By:  Richard Hanus, Esq.

Published July 12, 2021

Whether because of the pandemic or the previous administration’s lowered prioritization of many aspects of our legal immigration system, record setting delays in immigration processes have been many and far reaching.  The two agencies most responsible for processing immigration benefits are the U.S. Department of Homeland Security’s Citizenship and Immigration Services (DHS/CIS) and the U.S. Department of State.  The delays plaguing these agencies have wreaked havoc, both financially and emotionally, on the lives and households of tens, if not hundreds, of thousands of foreign national applicants.  In particular, for applicants in the U.S., it’s delays in processing Employment Authorization and Advance Parole (international) Travel documents (EAD/AP) that are hitting applicants and their families the hardest. Other impacted applicants include family members separated by oceans and looking to be reunited in the U.S. but waiting on U.S. consular post processing of immigrant visas.

The backlogs are caused by budget shake ups and reduced staffing in both agencies, although practically all aspects of the processes at hand are funded by user filing fees, and not taxpayers.  The following are the types of delays hitting immigration applicants the hardest:

1)     I-130 visa petitions for overseas spouses and young children of U.S. citizen or lawful permanent resident petitioners:  The process usually commences with the U.S. petitioning family member filing an I-130 visa petition with a DHS/CIS Service Center in the U.S.  Processing of this petition now takes anywhere from a few months to more than a year.  Following I-130 visa petition approval though, the parties face another sizeable wait, and that’s for the U.S. Department of State to request and review documents to support the immigrant visa process and thereafter the overseas U.S. consular posts scheduling of an interview.

Similar scenarios and delayed processes await overseas fiancés of U.S. citizens as well as parents of over 21 year old U.S. citizens.  With the pandemic shutting down and then later, curtailing operations at U.S. embassies and consulates across the globe in the past year, the queues immigrant visa applicants are forced to wait in have lengthened exponentially.  The long separation these folks face as a result of these delays are both maddening and heart wrenching.

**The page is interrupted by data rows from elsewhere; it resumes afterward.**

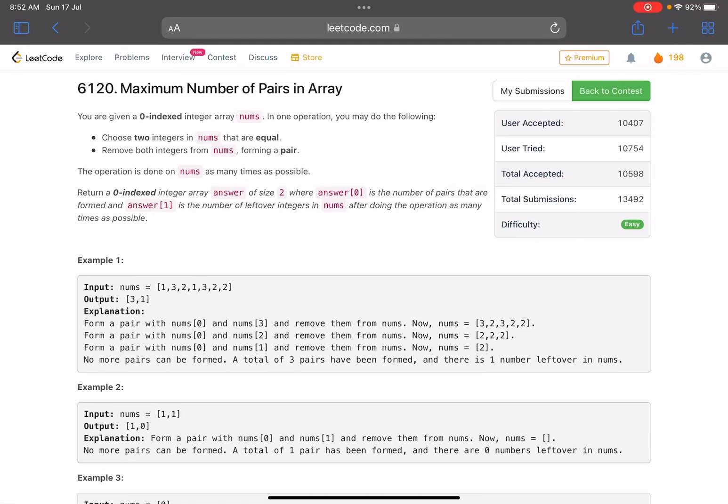Hello everyone, hope you are doing well. In this video we'll discuss the first problem of LeetCode weekly contest 302. This is an easy level problem, the problem's name is Maximum Number of Pairs in Array.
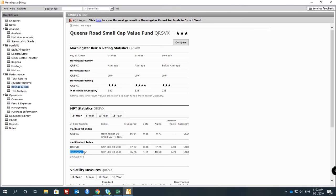They also analyze the category — the small value fund category overall has a beta of 1.21. So what does that mean? This fund has a beta of 0.88, which means they have lower market risk compared with the category, which has 1.21. So this fund is really conservative. If you compare it with the small value overall, it also shows that this fund has lower risk compared with the small value fund.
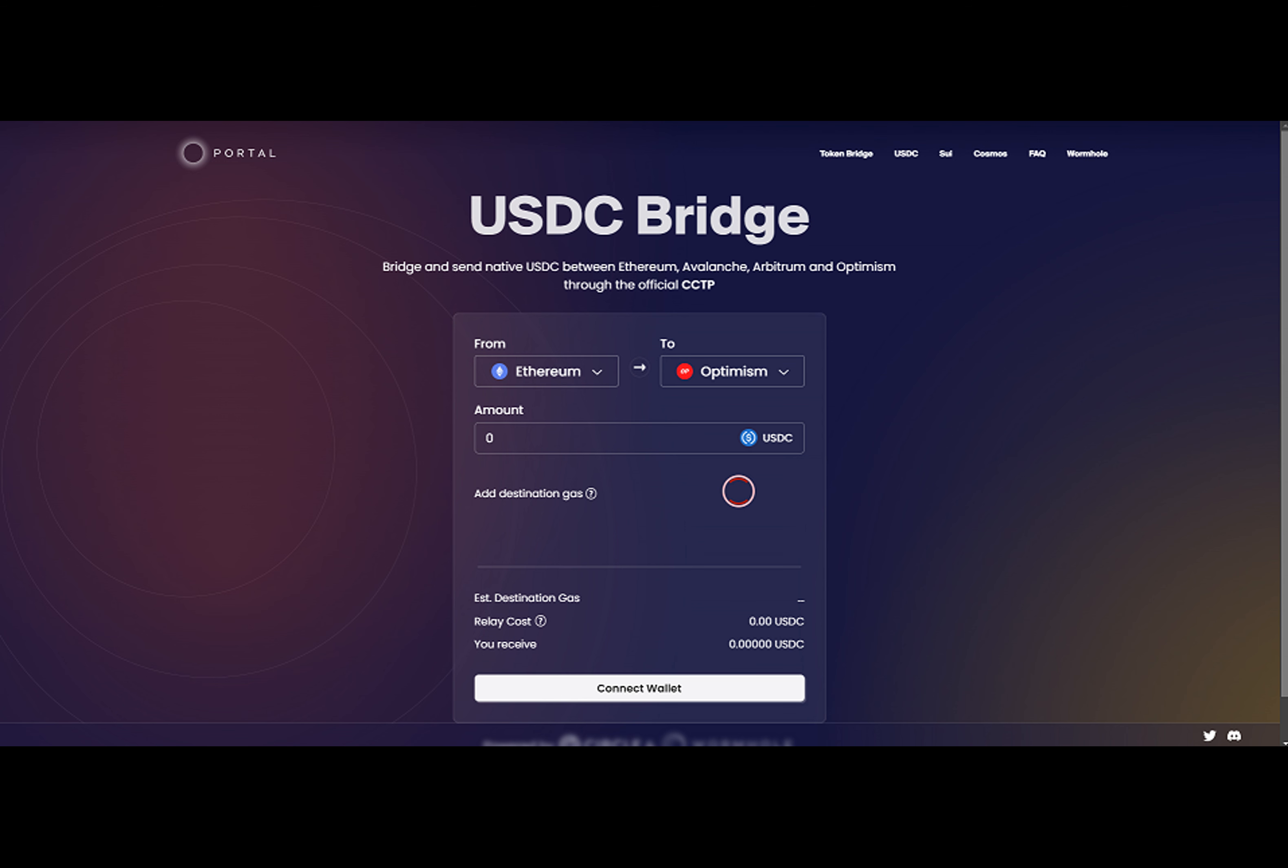According to a September 20 announcement, the new feature is available to end users via the Portal Bridge, and developers can integrate it into their own apps using Wormhole Connect.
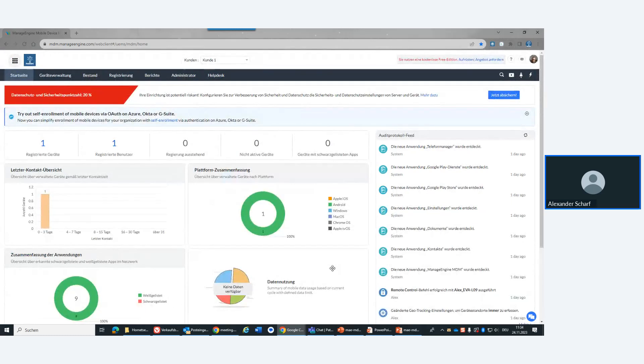Die Produkte leben alle sehr stark – es gibt häufig Aktualisierungen mit neuen Features, Security-Fixes und Updates. ManageEngine ist sehr erpicht darauf, alle Produkte immer gut leben zu lassen. Das ändert sich permanent. Es gilt der Spruch: Das Einzige Beständige in der IT ist die Veränderung. Und das gilt natürlich auch für die Lösungen, die diese Problematiken aufgreifen und entsprechende Tools und Workarounds bieten.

2)     I-485 applicants in the U.S. awaiting processing of Employment Authorization and Advance Parole (allowing for international travel) Documents:  I-485 applicants for lawful permanent resident status (green card) undergo all processing in the U.S. and by law are eligible to be issued the interim benefits of an EAD/AP while awaiting I-485 processing and review.  The EAD/AP serves a hugely important purpose as it allows pending green card applicants an opportunity for lawful employment and international travel while awaiting a decision on their green card applications.   

Up until the past 18 months, an I-485 applicant for Adjustment of Status – whether based on the I-130 petition of a family member, e.g. a U.S. citizen spouse, OR an employer’s I-140 petition – would face an approximately 90 day wait to be issued an EAD/AP while awaiting the processing of their I-485 application.  This processing time has almost tripled, making the availability of the EAD/AP in many cases practically useless, as the review of their underlying I-485 Application for Adjustment of status may take only 9- 12 months in total.  Similar to the hardships faced as a result of immigrant visa processing delays, the delays in initial EAD/AP issuance present substantial financial and emotional strains for applicants and their households, hamstringing applicant ability to earn a living and make international trips.

There is hope on the horizon with a new DHS/CIS Director taking office and intent on implementing strategies for reducing these unprecedented delays and overall, making DHS/CIS function more efficiently in all aspects of its operations.  In the meantime, applicants are left to advocate for themselves.  This includes conventional means, such as agency inquiries with DHS/CIS customer service or through a congressional office, and unconventional approaches, such as federal litigation to compel completion and a decision for a paid-for process.